§ RECORDS FOR THIS TASK:
◇ ◇ ◇ ◇ ◇ ◇ ◇
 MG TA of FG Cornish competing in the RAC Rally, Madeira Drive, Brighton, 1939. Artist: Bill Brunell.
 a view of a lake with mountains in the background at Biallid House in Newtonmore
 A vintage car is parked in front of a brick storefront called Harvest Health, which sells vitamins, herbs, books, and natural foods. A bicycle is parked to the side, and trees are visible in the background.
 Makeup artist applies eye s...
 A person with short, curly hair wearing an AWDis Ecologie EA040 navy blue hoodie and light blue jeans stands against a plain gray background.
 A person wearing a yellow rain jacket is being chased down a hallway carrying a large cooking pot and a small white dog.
◇ ◇ ◇ ◇ ◇ ◇ ◇
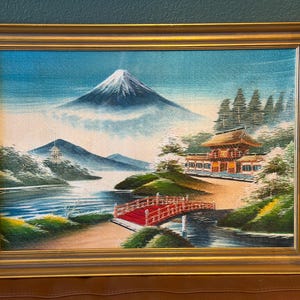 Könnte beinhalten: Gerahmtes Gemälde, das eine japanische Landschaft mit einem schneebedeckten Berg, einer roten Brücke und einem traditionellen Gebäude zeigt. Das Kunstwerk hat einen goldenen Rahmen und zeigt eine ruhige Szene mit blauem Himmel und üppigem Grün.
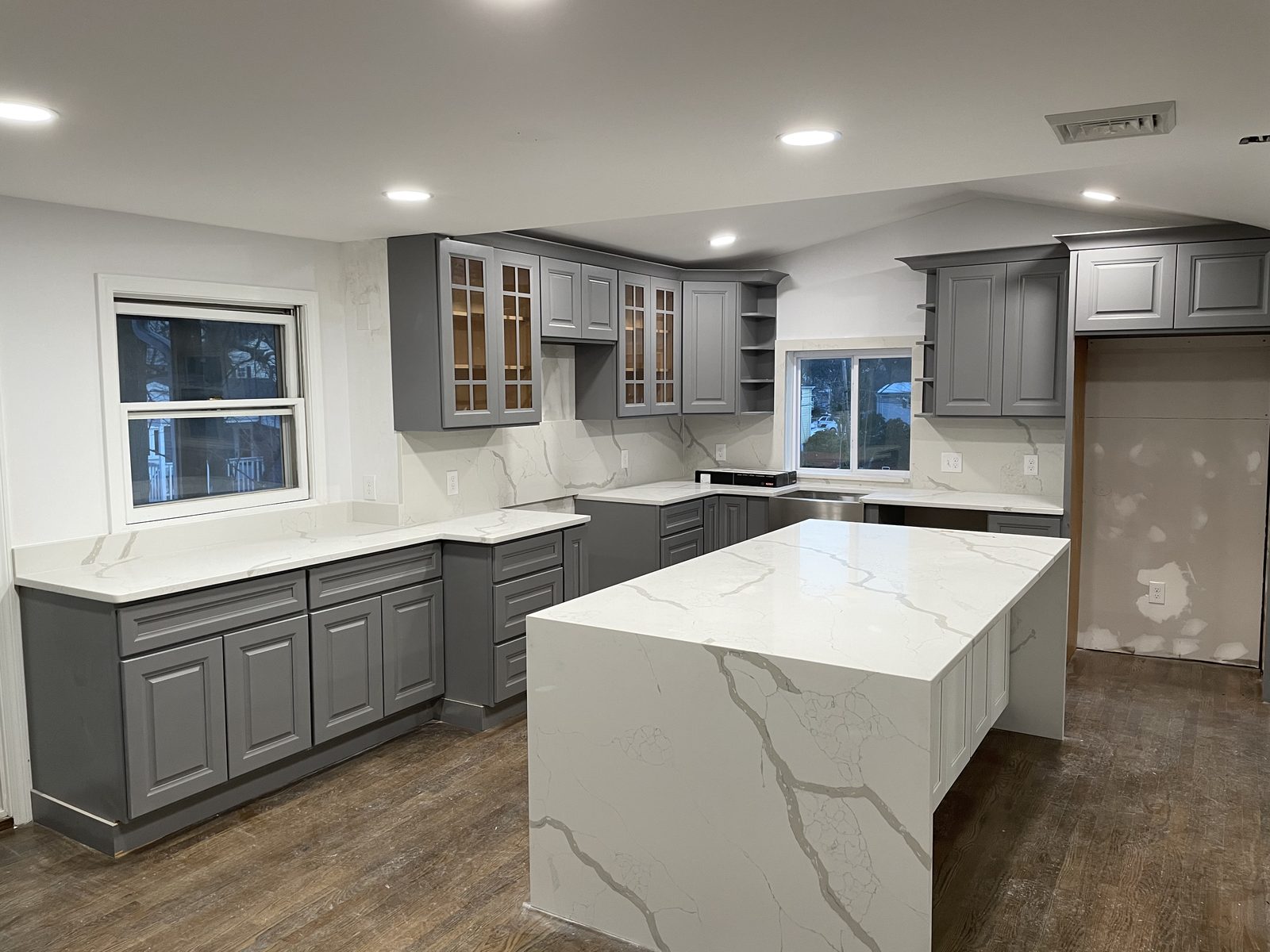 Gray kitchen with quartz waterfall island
◇ ◇ ◇ ◇ ◇ ◇ ◇
§ ACTIVITY: Retype only the lines above between the line with "A vintage car" and the line with "A person wearing", counting those two lines as well, and keep every character as it is.

§ RESULT BELOW:
 A vintage car is parked in front of a brick storefront called Harvest Health, which sells vitamins, herbs, books, and natural foods. A bicycle is parked to the side, and trees are visible in the background.
 Makeup artist applies eye s...
 A person with short, curly hair wearing an AWDis Ecologie EA040 navy blue hoodie and light blue jeans stands against a plain gray background.
 A person wearing a yellow rain jacket is being chased down a hallway carrying a large cooking pot and a small white dog.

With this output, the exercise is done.